PROBLEM TO SOLVE => Take the data below. Output it exactly from its first line through the line containing "Zadania maturalne 8".

[Short text fragments from websites]
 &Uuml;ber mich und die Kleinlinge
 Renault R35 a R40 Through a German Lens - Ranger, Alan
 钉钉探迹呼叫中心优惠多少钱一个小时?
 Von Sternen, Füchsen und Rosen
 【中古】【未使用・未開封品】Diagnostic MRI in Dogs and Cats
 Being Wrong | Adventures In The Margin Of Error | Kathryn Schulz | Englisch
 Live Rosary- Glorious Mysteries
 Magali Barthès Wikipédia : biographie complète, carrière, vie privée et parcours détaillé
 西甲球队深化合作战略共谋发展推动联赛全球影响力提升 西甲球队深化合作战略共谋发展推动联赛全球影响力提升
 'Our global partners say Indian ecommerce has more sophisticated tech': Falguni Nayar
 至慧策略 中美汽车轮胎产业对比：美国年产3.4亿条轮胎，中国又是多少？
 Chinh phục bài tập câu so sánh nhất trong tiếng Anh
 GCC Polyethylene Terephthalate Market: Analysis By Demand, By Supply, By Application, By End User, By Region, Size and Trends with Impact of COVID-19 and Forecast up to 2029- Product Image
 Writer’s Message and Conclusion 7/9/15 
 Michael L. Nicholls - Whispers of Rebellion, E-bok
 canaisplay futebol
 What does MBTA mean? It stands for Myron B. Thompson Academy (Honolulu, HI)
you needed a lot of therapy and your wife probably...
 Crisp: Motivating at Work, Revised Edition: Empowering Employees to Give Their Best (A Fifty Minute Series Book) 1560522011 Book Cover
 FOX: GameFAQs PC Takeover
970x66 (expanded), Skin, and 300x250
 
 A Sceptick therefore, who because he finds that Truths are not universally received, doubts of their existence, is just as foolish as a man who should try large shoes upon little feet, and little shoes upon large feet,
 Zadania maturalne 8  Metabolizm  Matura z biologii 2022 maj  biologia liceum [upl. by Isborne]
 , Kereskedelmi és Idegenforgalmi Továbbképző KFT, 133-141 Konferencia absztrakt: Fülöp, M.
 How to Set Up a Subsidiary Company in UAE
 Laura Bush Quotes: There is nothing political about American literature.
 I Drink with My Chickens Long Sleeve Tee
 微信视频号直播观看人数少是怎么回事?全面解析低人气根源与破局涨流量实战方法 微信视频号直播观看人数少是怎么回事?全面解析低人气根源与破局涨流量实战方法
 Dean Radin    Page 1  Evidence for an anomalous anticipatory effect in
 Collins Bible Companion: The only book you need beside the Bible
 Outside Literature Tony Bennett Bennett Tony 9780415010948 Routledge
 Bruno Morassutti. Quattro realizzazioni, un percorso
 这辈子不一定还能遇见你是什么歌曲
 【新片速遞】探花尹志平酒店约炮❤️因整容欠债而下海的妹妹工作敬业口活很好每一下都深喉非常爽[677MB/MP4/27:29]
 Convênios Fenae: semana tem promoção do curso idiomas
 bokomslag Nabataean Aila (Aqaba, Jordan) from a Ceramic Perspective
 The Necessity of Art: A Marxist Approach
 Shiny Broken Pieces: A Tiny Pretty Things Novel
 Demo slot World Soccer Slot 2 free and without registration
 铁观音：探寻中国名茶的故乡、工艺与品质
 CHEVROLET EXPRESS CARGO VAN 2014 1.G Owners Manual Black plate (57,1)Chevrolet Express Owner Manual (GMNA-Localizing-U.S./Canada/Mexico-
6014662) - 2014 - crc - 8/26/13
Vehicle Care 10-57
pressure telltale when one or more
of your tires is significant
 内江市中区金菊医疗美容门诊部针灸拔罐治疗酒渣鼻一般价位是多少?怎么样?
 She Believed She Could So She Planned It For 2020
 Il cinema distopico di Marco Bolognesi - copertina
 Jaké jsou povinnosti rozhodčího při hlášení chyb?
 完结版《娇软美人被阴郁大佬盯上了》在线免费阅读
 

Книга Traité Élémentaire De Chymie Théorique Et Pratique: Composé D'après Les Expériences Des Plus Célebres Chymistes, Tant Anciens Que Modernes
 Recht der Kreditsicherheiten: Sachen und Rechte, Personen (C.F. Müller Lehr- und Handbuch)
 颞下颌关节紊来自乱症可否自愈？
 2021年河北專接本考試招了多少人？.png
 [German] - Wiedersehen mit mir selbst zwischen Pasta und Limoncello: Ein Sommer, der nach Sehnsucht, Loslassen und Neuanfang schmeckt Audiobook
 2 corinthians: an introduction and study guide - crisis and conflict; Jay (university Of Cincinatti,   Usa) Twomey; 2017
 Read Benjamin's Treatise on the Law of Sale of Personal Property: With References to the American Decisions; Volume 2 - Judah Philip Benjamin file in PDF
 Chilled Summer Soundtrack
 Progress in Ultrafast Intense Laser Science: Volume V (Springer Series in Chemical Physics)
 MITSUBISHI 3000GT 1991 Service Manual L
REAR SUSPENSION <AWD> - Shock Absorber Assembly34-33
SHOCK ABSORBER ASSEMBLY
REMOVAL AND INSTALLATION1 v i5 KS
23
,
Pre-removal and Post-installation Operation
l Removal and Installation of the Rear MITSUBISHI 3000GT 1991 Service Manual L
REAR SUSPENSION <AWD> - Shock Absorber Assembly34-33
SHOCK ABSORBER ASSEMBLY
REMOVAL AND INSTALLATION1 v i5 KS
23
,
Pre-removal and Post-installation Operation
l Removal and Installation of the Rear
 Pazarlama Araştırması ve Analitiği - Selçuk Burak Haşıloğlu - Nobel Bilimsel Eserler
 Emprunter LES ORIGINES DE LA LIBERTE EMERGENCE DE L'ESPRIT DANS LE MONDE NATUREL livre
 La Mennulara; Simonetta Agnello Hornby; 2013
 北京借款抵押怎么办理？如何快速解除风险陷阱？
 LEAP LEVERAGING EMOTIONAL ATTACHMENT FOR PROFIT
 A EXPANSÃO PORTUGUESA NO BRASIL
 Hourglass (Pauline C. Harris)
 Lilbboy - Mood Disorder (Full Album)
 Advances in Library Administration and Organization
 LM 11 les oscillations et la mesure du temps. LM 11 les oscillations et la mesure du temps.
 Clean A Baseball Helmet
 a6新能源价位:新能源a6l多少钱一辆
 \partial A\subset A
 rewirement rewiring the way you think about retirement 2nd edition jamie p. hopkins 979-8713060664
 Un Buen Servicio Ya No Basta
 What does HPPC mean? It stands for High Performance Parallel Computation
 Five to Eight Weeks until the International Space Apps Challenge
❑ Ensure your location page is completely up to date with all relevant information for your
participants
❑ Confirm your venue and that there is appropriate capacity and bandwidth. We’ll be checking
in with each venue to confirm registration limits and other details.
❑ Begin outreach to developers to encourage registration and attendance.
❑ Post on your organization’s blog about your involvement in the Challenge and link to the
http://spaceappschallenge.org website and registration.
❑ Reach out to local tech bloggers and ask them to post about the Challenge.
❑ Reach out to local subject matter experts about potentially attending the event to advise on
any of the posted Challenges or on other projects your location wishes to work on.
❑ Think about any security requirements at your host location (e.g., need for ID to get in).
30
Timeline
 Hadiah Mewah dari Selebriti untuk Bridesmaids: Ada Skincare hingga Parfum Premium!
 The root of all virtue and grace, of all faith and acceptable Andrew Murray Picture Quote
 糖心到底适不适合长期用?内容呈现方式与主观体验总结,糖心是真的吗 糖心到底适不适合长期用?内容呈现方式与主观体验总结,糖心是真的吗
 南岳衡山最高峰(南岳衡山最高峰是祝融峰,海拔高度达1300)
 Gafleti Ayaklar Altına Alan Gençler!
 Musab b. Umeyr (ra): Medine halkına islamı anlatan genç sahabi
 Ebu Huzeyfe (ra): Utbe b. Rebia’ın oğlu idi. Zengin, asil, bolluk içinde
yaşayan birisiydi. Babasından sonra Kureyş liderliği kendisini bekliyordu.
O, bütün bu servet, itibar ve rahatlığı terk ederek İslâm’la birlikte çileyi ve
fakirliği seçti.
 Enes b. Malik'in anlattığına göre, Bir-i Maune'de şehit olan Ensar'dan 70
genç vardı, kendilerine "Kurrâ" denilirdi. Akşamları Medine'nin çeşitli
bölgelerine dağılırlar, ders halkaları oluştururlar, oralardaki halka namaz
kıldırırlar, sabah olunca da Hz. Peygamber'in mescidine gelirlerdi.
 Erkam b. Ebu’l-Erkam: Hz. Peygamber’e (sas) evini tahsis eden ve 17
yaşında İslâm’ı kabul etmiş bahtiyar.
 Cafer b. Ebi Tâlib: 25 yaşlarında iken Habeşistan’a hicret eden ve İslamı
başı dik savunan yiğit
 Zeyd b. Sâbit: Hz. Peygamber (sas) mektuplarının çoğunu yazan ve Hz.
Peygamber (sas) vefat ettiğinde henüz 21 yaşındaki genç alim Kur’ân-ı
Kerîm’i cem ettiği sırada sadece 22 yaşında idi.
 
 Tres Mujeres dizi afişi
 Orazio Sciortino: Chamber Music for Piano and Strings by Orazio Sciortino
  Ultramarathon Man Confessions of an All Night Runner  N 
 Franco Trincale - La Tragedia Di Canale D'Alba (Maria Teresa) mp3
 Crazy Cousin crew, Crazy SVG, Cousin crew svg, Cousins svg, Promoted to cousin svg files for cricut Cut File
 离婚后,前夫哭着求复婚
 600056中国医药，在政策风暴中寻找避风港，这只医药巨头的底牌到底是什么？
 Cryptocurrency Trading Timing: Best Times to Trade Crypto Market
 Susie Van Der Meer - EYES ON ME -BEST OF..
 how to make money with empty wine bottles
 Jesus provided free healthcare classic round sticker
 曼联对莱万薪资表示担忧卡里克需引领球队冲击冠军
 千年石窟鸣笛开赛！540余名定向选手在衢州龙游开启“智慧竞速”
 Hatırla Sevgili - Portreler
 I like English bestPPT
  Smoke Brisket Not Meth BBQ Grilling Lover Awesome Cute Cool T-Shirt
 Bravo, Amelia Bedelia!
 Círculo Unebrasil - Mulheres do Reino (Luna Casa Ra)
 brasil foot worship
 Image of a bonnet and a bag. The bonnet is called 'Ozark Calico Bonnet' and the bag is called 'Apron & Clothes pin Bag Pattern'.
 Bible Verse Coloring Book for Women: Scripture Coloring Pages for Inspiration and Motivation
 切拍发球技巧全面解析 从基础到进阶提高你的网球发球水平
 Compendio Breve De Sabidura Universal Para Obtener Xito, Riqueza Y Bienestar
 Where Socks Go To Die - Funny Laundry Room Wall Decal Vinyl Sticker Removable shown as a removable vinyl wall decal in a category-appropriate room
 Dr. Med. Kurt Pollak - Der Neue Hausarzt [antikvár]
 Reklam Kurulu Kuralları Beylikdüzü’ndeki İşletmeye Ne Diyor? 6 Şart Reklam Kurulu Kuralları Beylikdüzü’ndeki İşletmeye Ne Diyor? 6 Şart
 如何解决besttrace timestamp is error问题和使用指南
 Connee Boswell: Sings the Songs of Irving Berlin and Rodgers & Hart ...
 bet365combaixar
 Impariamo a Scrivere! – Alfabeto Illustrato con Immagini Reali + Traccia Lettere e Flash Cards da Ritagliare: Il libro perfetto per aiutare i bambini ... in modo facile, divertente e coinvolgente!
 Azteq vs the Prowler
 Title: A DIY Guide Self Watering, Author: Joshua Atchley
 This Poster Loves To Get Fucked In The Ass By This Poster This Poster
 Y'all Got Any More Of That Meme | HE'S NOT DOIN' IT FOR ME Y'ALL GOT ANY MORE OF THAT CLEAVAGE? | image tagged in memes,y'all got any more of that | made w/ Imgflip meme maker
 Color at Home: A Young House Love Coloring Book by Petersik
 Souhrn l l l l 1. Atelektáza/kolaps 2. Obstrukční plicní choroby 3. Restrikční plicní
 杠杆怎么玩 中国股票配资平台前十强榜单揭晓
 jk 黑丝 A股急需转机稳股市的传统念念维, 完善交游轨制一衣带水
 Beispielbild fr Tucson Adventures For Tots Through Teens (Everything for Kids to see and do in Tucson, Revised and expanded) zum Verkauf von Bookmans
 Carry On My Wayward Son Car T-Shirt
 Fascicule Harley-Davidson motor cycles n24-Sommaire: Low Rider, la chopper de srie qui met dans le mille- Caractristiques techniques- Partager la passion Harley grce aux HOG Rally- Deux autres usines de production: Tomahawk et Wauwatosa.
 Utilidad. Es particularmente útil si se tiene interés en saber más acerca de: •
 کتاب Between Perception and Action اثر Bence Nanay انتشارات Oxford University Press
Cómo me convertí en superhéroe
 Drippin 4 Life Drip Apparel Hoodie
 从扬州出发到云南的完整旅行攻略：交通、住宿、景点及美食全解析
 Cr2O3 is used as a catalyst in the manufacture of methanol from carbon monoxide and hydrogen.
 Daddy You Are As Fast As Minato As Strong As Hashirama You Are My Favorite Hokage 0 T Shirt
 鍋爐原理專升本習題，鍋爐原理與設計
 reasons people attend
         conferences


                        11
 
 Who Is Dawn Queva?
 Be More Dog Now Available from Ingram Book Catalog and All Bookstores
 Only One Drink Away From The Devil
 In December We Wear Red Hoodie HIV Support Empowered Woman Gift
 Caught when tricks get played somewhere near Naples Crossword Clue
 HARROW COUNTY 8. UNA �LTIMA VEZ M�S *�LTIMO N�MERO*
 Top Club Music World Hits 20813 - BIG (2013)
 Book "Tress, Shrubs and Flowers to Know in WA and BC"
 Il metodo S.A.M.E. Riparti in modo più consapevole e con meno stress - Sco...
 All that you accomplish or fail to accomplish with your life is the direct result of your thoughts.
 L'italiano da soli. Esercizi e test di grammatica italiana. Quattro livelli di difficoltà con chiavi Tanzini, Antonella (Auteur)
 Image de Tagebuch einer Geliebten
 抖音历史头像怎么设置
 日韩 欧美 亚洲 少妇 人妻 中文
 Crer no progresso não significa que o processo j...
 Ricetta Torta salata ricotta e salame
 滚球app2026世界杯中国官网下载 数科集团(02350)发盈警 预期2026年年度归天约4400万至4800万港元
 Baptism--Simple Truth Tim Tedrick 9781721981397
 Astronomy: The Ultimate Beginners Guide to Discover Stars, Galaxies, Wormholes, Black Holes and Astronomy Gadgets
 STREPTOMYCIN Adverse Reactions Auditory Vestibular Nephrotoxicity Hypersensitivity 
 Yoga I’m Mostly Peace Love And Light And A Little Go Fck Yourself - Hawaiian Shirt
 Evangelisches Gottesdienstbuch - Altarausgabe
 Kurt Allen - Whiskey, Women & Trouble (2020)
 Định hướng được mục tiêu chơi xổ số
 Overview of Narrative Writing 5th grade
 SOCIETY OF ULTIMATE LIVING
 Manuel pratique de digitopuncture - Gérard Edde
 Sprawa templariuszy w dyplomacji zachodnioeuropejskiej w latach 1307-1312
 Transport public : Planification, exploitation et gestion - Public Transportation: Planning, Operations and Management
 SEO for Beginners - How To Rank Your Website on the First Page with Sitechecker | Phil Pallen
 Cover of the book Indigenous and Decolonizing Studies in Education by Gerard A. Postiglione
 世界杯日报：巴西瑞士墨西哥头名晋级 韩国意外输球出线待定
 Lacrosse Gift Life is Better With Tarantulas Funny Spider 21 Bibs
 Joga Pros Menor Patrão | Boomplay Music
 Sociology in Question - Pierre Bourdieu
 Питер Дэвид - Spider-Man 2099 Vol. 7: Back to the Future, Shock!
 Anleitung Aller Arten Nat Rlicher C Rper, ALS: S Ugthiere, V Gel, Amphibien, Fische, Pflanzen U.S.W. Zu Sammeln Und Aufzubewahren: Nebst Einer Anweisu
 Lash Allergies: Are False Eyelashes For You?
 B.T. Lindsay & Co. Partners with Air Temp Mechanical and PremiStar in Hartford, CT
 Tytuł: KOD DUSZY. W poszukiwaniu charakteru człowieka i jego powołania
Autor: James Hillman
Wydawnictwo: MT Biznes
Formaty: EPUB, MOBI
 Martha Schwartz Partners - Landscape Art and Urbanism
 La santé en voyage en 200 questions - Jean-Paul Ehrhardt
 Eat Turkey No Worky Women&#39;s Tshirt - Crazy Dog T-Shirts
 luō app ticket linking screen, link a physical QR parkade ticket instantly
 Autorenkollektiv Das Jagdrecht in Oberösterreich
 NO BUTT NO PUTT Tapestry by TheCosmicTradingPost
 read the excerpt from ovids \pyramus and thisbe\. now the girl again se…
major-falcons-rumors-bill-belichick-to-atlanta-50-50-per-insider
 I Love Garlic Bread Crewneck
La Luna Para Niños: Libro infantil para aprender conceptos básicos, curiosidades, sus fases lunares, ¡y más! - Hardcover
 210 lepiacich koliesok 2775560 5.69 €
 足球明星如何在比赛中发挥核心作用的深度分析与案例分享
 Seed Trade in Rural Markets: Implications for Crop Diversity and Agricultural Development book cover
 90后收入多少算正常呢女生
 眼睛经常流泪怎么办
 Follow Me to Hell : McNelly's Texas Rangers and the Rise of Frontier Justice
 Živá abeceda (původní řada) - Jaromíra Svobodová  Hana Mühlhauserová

EXERCISE OUTPUT =>
 &Uuml;ber mich und die Kleinlinge
 Renault R35 a R40 Through a German Lens - Ranger, Alan
 钉钉探迹呼叫中心优惠多少钱一个小时?
 Von Sternen, Füchsen und Rosen
 【中古】【未使用・未開封品】Diagnostic MRI in Dogs and Cats
 Being Wrong | Adventures In The Margin Of Error | Kathryn Schulz | Englisch
 Live Rosary- Glorious Mysteries
 Magali Barthès Wikipédia : biographie complète, carrière, vie privée et parcours détaillé
 西甲球队深化合作战略共谋发展推动联赛全球影响力提升 西甲球队深化合作战略共谋发展推动联赛全球影响力提升
 'Our global partners say Indian ecommerce has more sophisticated tech': Falguni Nayar
 至慧策略 中美汽车轮胎产业对比：美国年产3.4亿条轮胎，中国又是多少？
 Chinh phục bài tập câu so sánh nhất trong tiếng Anh
 GCC Polyethylene Terephthalate Market: Analysis By Demand, By Supply, By Application, By End User, By Region, Size and Trends with Impact of COVID-19 and Forecast up to 2029- Product Image
 Writer’s Message and Conclusion 7/9/15 
 Michael L. Nicholls - Whispers of Rebellion, E-bok
 canaisplay futebol
 What does MBTA mean? It stands for Myron B. Thompson Academy (Honolulu, HI)
you needed a lot of therapy and your wife probably...
 Crisp: Motivating at Work, Revised Edition: Empowering Employees to Give Their Best (A Fifty Minute Series Book) 1560522011 Book Cover
 FOX: GameFAQs PC Takeover
970x66 (expanded), Skin, and 300x250
 
 A Sceptick therefore, who because he finds that Truths are not universally received, doubts of their existence, is just as foolish as a man who should try large shoes upon little feet, and little shoes upon large feet,
 Zadania maturalne 8  Metabolizm  Matura z biologii 2022 maj  biologia liceum [upl. by Isborne]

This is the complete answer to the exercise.